Diagrams depicting the actions of Bilateral
and Unilateral translation shown in Figs 2, 4
and 5.
The awkwardness of rotating 16 bits of the
address during translation to avoid the need
to change the checksum which covers the address.
This seems to limit the granularity of the
system to /48. Ivip6 goes to /64.
The awkwardness of choosing Transit prefixes
for each End user prefix such that translation
will not affect the checksum.
The awkwardness of doing neither, but of updating
the checksum instead.
Unilateral translation breaks IPsec AH. This is
not just during transition until all hosts are
using the new kind of address space. It will
affect communications with all hosts which never
change to the new style of address space - and if
people are happy having their hosts on their ISP's
conventional PA address space, why should they
have to change to the new Six/One Router kind of
space?
Hi Christian,
Thanks for your replies, in which you wrote:
> You are suggesting that the Bilateral/ Unilateral bit, which
> Six/One Router requires, could be taken from the IPv6 Flow
> Label field. This would be possible, right.
>
> I was myself considering taking the bit from the Traffic Class
> field. This would have two advantages:
>
> - Some bits in this fields are still unused.
OK - I will return to this.
> - Backwards compatibility: The IPv6 spec states that bits from
> the Traffic Class field can be set by routers, and that hosts
> and routers must ignore bits they do not recognize.
>
> Consequently, nothing would break if one of the bits were
> allocated for use by Six/One routers.
>
> Think it makes sense?
In principle. I assumed all 8 bits in the Traffic Class octet were
used - here is my detailed investigation.
While I was researching this, Brian Carpenter wrote:
> Not true, unfortunately. They are all allocated to either ECN
> or diffserv. These are both encoded fields, so there are no spare
> bits.
FWITW, here is my research:
<research>
RFC 3168 (2001-09) states that in both IPv4 and IPv6, the two
ECN bits (6 and 7) are used - with all four codepoints. Section
22 has a history of this octet.
RFC 2474 (1998-12) and RFC 2780 (2000-03) specifies bits 0 to 5
are for DiffServ (Differential Services Field - DSCP = DiffServ
Code Point) with bits 6 and 7 unused. However, this was before
RFC 3168.
RFC 2474 apparently allows routers to change these 8 bits. From
RFC 3168:
Prior to RFC 2474, routers were not permitted to modify
bits in either the DSCP or ECN field of packets
forwarded through them . . .
So bits 7 and 8 are tied up with Explicit Congestion
Notification. What about the DiffServ bits?
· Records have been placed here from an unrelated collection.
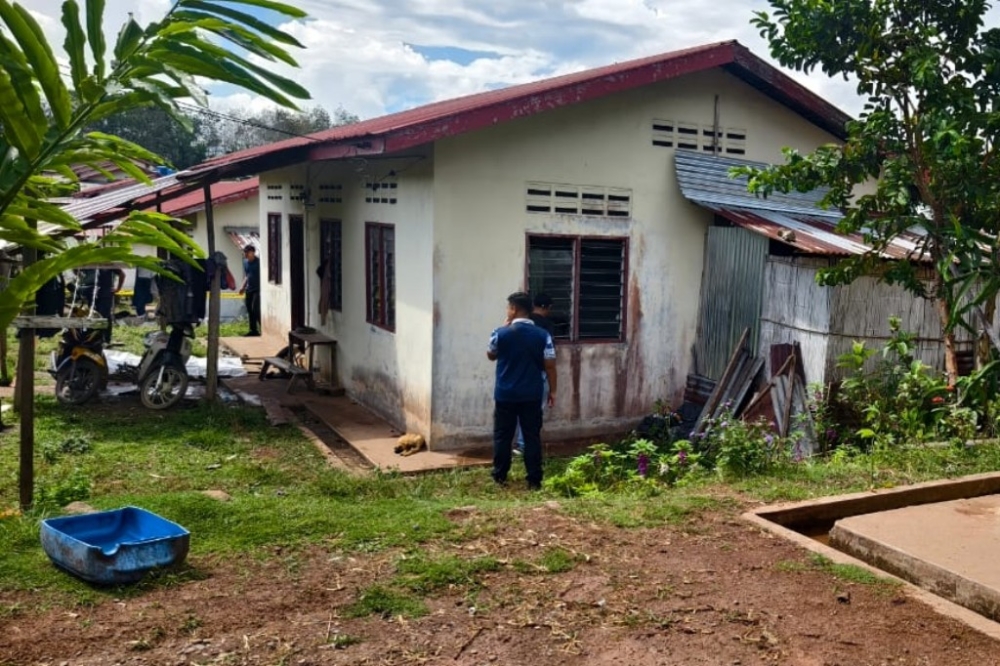 Police investigating the scene at Kampung Kangkawang in Tenom. — Picture courtesy of police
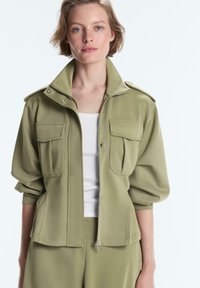 Frau trägt eine olivgrüne Jacke mit großen Klappentaschen über einem weißen gerippten Tanktop, stehend vor einem schlichten hellen Hintergrund.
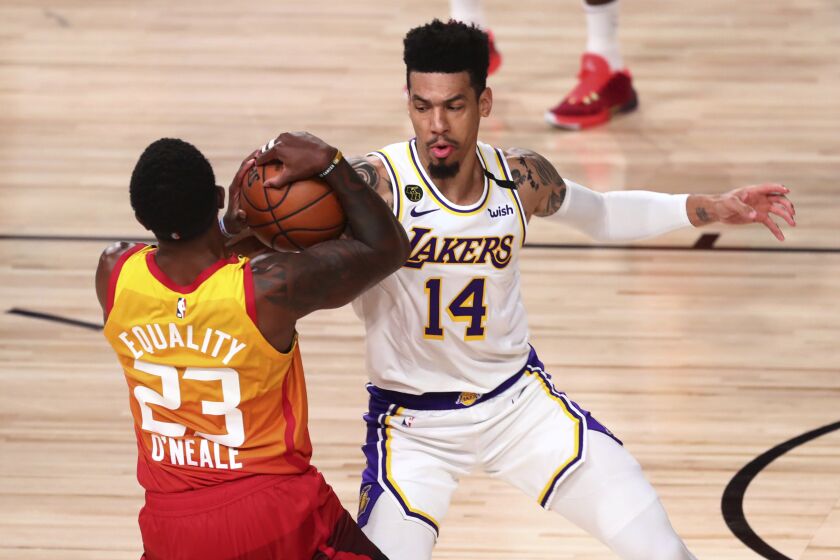 Utah Jazz forward Royce O'Neale (23) holds the ball away from Los Angeles Lakers guard Danny Green (14) during the second half of an NBA basketball game Monday, Aug. 3, 2020, in Lake Buena Vista, Fla. (Kim Klement/Pool Photo via AP)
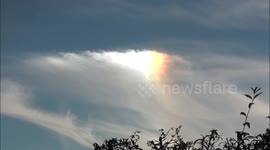 Beautiful Sun Dog and rainbow footage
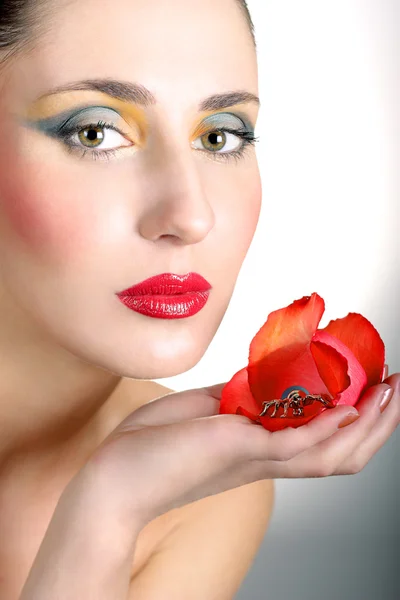 Όμορφη κοπέλα με φωτεινό μακιγιάζ και ένα λουλούδι στο χέρι — Φωτογραφία Αρχείου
http://tools.ietf.org/html/rfc2474#section-6
012345
xxxxx0 Pool 1 For codepoints recommended in standards.
xxxx11 Pool 2 Experimental / Local use.
xxxx01 Pool 3 Initially available for experimental /
Local use - but which should be
preferentially utilized for standardized
assignments if Pool 1 is ever exhausted.
Counting in network byte/bit order (backwards binary) RFC 2474
defines 000000 Default Per Hop Behavior (PHB)
100000 } Class Selector PHBs.
010000 }
110000 }
001000 }
101000 }
011000 }
111000 }
RFC 2597 specifies 12 of the 32 Pool 1 codepoints, using all
five available bits.
http://tools.ietf.org/html/rfc2597#section-6
Assured Forwarding Per Hop Behavior codepoints:
100100
010100
001100
011100
100010
010010
001010
011010
100110
010110
001110
011110
RFC 3246 specifies another codepoint:
101110 Expedited Forwarding PHB
I may have missed some, but that is 21 of the 32 codepoints in
bits 0 to 4 taken.
</research>
I think the only way you could get a bit here for the Six/One Router
Bilateral/Unilateral bit is either to:
1 - Redefine the "Flow Label" so you can use one bit of this.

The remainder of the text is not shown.